* DATA TO PROCESS:
————————
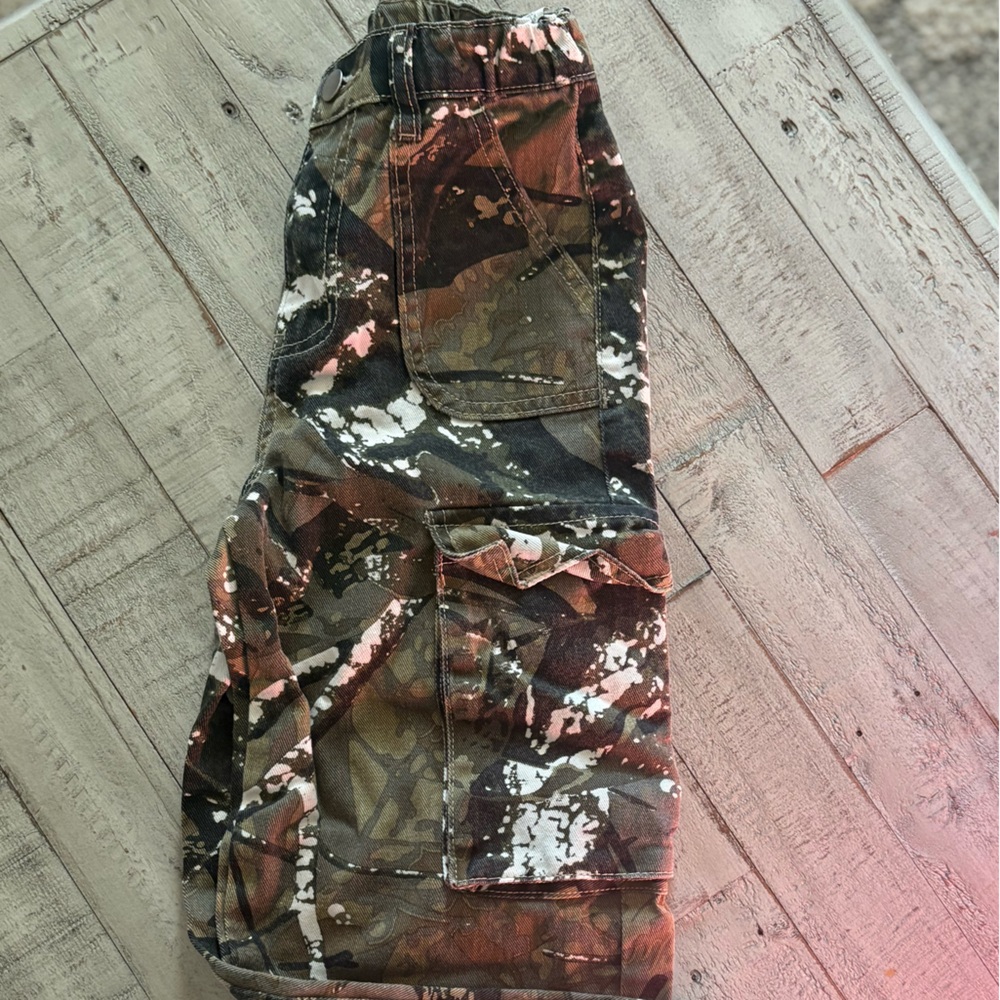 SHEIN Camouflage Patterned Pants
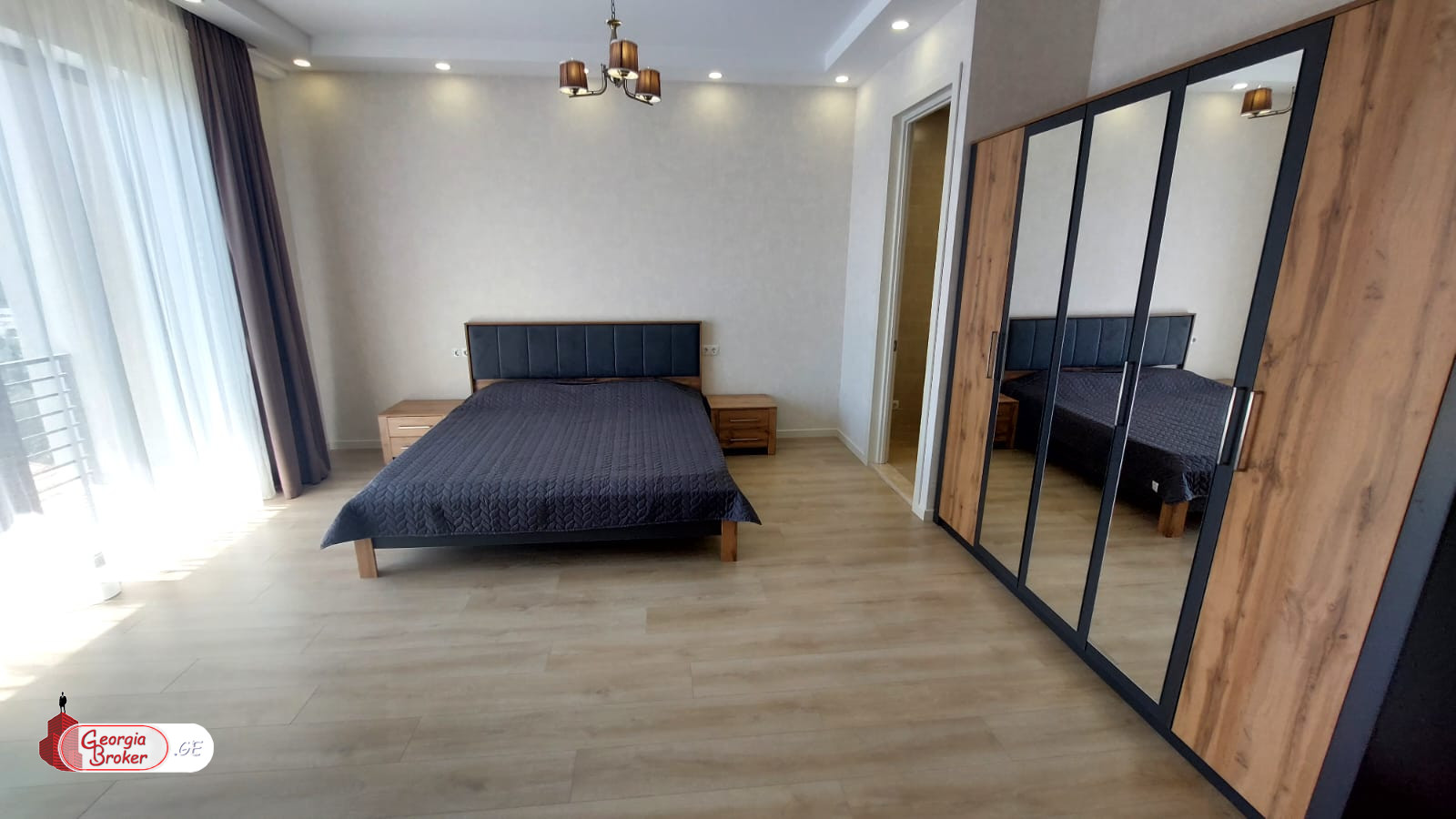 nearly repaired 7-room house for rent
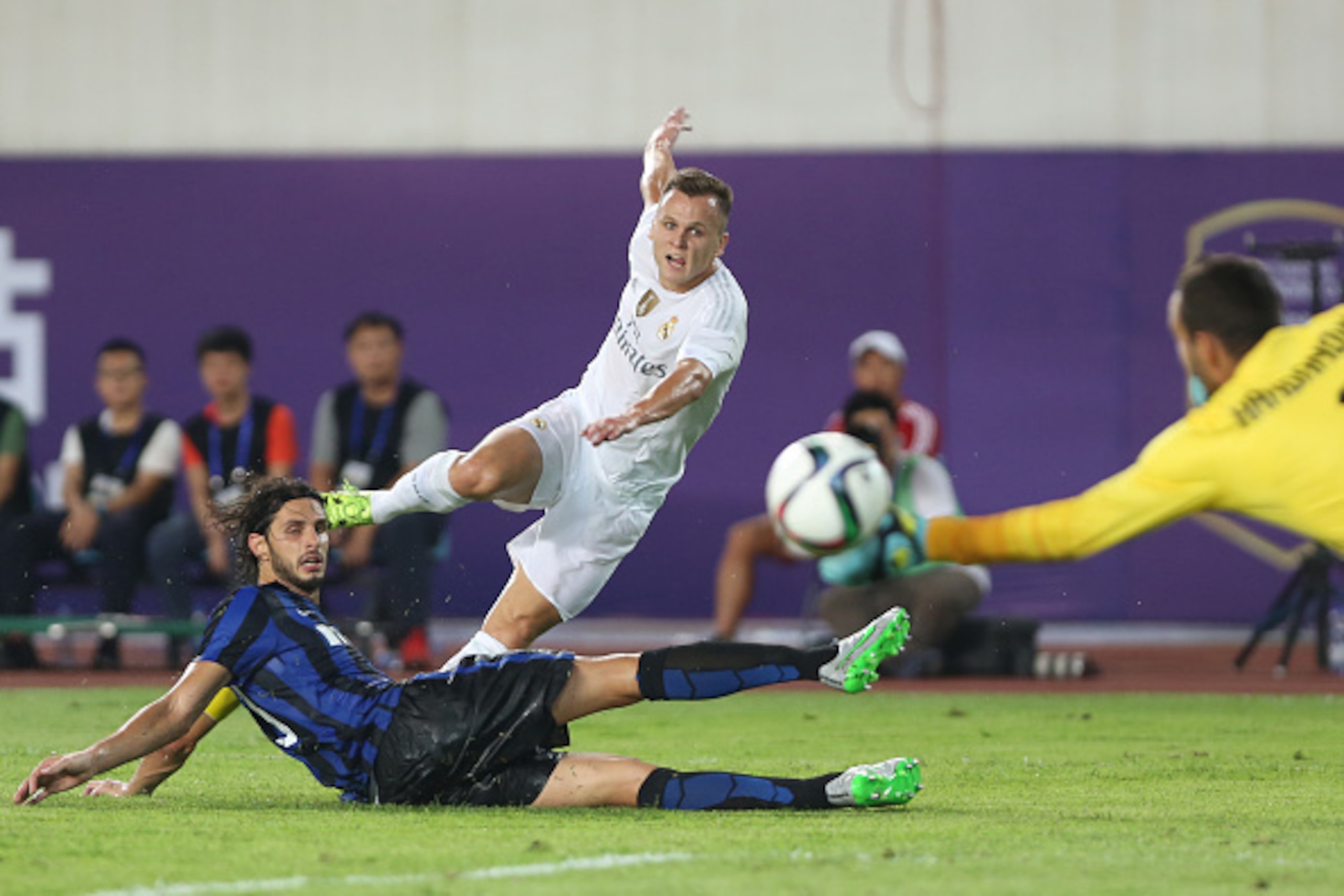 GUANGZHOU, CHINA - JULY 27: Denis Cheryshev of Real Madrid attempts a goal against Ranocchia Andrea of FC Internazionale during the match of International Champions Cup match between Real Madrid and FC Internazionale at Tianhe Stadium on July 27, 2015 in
————————
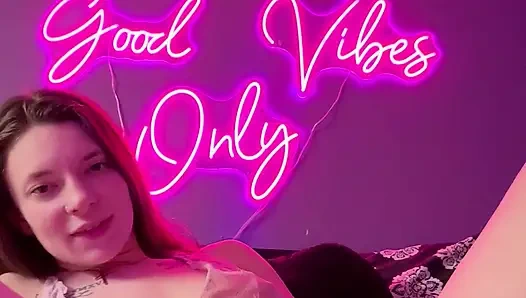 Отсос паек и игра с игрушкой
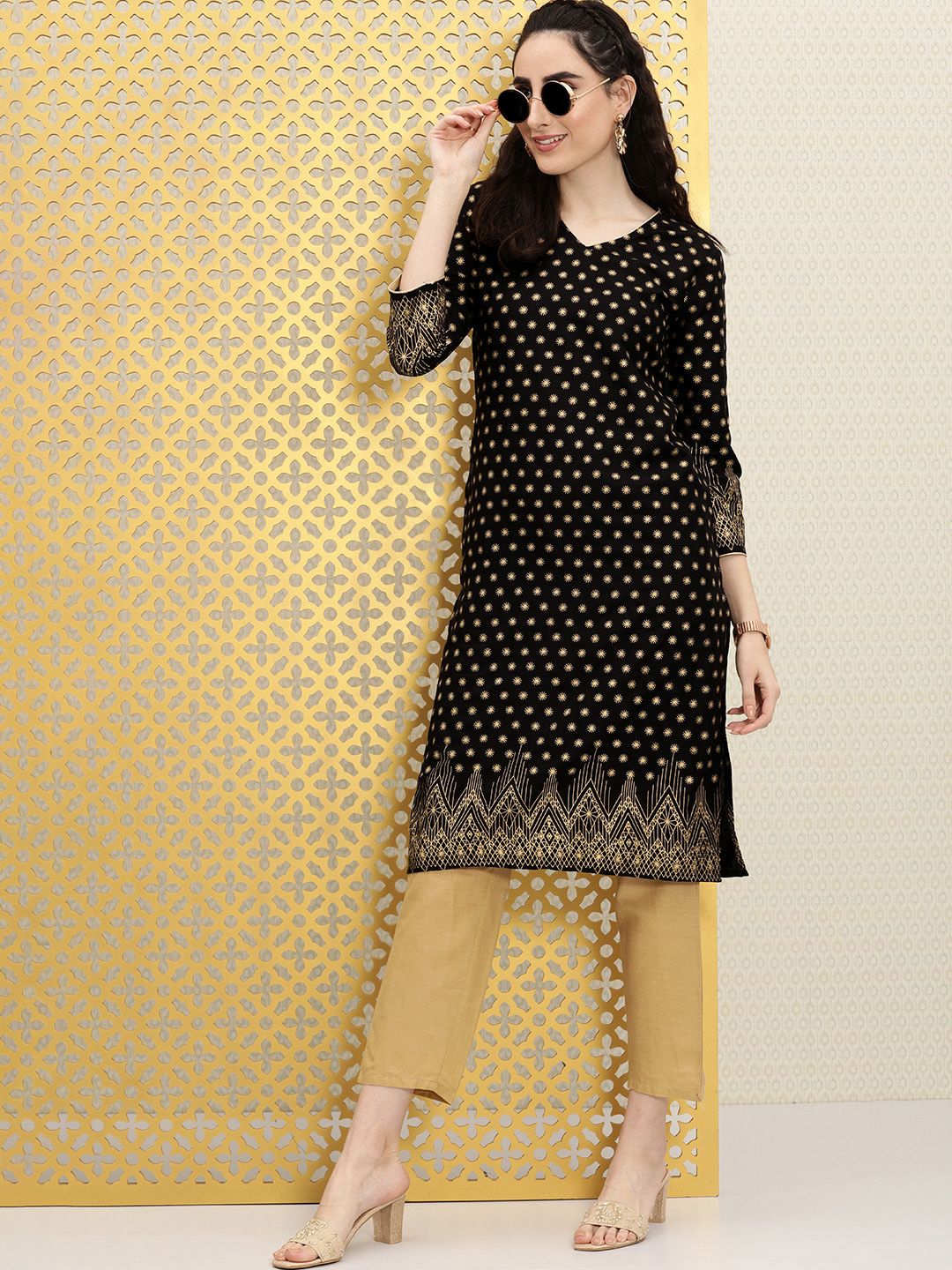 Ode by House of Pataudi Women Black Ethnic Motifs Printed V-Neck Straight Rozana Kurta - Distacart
————————
Exercise for the records above: copy only the lines from the one with "Отсос паек и игра с игрушкой" to the one with "Ode by House", both ends kept, and drop the pictures.

* YOUR RESPONSE:
 Отсос паек и игра с игрушкой
 Ode by House of Pataudi Women Black Ethnic Motifs Printed V-Neck Straight Rozana Kurta - Distacart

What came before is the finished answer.